In some languages, like Lisp and OCaml, every language construct is an expression that returns a value. Other languages, like Java or Python, have two kinds of language constructs: expressions, which combine compositionally and which have return values, and statements, which combine sequentially and which have no return values and thus must operate by side effect. Having statements in your language needlessly makes things more complicated, but language designers seem to want to go much further and add complexity that just seems capricious.
You cannot usually use a statement in a context where an expression is expected because there is no return value. You can use an expression where a statement is expected by simply discarding the return value. This means there are two kinds of contexts. A sane designer would provide a way to switch between statement and expression contexts, but language designers typically omit these.
Language constructs, such as binding or iteration, must be provided as statements or expressions or both. Language designers seem to randomly decide which constructs are statements and which are expressions based on whims and ease of compiler implementation. If you need to use a construct, but aren’t in the right kind of context, you need to switch contexts, but without a way to do this, you may have to rewrite code. For example, if you have a subexpression that could raise an exception that you want to handle, you’ll have to rewrite the containing expression as a series of statements.

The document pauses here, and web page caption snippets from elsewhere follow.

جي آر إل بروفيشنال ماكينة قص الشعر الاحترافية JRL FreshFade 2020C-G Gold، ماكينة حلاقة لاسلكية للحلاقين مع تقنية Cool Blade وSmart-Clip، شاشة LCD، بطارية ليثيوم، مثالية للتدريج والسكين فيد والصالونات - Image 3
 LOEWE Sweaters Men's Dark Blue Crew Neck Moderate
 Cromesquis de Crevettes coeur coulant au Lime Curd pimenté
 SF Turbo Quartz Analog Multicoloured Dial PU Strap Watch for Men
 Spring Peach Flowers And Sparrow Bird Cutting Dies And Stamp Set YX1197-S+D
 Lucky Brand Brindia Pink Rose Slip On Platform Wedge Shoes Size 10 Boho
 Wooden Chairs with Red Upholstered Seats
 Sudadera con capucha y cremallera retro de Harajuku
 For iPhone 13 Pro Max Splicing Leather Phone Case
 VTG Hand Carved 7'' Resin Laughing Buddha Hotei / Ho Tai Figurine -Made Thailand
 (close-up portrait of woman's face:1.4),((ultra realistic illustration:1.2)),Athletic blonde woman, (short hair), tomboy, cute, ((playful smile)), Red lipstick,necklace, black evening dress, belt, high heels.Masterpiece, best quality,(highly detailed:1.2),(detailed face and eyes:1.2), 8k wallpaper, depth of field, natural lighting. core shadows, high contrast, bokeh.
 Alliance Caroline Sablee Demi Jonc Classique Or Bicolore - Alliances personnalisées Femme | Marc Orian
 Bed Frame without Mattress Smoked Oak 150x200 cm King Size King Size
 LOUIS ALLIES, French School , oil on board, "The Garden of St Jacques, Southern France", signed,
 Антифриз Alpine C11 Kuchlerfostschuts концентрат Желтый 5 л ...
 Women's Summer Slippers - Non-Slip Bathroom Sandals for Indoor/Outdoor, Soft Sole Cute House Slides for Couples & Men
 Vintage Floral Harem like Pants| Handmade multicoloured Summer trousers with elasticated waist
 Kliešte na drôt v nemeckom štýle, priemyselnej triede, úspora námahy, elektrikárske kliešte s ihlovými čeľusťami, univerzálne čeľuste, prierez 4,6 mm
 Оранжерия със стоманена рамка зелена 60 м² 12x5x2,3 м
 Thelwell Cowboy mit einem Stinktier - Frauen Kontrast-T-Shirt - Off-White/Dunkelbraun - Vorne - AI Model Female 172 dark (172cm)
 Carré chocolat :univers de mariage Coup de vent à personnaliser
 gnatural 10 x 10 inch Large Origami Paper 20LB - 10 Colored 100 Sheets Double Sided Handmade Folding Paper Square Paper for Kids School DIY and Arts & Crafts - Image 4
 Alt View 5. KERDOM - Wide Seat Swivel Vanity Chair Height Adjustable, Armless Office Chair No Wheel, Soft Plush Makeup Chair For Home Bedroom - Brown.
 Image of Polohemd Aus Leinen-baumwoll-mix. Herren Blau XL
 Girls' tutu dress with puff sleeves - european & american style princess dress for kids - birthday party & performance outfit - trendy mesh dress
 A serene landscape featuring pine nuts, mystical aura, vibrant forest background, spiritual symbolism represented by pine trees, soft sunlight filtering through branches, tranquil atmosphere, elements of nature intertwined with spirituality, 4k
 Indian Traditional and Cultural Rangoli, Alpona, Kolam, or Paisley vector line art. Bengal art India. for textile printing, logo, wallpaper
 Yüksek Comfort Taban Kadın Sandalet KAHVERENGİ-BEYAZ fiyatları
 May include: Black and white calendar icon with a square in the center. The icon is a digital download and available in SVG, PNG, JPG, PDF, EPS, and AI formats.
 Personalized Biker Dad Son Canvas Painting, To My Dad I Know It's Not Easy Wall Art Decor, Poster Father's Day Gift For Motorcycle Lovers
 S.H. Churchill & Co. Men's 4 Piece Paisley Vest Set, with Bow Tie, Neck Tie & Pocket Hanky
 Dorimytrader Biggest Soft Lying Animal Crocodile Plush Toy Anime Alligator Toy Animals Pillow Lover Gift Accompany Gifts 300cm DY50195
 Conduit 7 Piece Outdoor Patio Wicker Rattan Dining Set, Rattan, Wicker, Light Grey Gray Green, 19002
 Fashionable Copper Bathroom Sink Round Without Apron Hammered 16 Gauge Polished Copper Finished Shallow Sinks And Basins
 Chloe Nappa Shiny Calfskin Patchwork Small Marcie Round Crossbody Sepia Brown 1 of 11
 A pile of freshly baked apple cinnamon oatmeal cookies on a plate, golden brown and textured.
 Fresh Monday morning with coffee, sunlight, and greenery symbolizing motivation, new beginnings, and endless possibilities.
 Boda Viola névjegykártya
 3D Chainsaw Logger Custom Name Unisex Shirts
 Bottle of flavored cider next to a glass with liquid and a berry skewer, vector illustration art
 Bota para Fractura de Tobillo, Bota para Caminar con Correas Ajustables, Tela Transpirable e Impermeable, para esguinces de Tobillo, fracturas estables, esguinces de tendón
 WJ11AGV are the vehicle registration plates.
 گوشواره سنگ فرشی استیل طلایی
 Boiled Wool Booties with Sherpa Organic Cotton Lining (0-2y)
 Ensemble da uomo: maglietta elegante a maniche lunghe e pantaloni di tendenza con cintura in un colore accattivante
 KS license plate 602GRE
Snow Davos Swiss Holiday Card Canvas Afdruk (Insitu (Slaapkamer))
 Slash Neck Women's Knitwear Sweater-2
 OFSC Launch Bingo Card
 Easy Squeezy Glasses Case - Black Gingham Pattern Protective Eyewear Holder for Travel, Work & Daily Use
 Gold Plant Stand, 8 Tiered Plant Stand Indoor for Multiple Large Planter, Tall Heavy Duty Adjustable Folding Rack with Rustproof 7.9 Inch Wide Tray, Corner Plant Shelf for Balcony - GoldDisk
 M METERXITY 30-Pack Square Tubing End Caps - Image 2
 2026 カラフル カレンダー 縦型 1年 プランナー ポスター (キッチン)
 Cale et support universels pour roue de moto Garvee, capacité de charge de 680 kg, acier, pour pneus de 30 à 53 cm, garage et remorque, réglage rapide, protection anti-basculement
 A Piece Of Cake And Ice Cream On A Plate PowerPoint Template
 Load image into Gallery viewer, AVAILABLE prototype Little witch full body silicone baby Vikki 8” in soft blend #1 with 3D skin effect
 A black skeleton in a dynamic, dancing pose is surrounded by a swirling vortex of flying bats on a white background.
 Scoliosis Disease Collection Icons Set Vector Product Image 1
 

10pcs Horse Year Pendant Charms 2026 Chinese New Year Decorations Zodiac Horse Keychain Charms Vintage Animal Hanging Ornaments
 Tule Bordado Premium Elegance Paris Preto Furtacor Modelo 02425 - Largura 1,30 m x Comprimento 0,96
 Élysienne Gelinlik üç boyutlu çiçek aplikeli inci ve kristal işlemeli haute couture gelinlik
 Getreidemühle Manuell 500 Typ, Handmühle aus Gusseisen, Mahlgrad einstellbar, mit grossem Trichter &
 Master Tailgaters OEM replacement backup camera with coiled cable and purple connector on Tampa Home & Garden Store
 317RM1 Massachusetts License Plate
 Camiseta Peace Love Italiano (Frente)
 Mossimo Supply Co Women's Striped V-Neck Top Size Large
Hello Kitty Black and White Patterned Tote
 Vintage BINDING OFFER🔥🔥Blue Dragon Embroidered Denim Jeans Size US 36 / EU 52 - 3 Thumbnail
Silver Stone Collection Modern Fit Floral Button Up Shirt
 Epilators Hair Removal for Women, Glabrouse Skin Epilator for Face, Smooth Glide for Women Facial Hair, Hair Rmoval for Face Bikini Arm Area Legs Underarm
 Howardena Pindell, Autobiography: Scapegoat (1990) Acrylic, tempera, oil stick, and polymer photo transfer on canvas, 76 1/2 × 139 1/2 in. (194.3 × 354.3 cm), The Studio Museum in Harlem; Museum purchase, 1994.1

A sane language designer would use the same
syntax for the same construct in both expression and statement form,
but typically the construct will have a very different syntax.
Consider sequential statements in C. They are terminated by
semicolons. But sequential expressions are separated by commas.
Conditional statements use if/else
, but conditional expressions
use ?:
. When refactoring, you cannot simply move code between
contexts, you have to change the syntax as well.
Writing a function adds a new expression to the language. But function bodies aren’t expressions, they are statements. This automatically destroys referential transparency because you cannot substitute the function body (statements) at the call site (expression context).
try/catch
is a nightmare. Usually you only
get try/catch
as a statement, not an expression, so you
cannot use exception handling in a subexpression. You cannot
get a value out of a try/catch
without a side
effect. Throw
, on the other hand, throws a value, so
it could throw to an expression context, except
that catch
is a statement.
Having two kinds of language constructs and two different contexts in which you can use some of them but not others, and different syntaxes depending on the context just makes it that much more difficult to write programs. You have to keep track of which context is current and which syntax to use and constantly switch back and forth as you write a program. It would be easy for a compiler to introduce the necessary temporaries and rewrite the control flow so that you could use all language constructs in either context, but language designers don’t bother and leave it up to the programmer to do it manually.
And all this mess can be avoided by simply making everything be an expression that returns a value.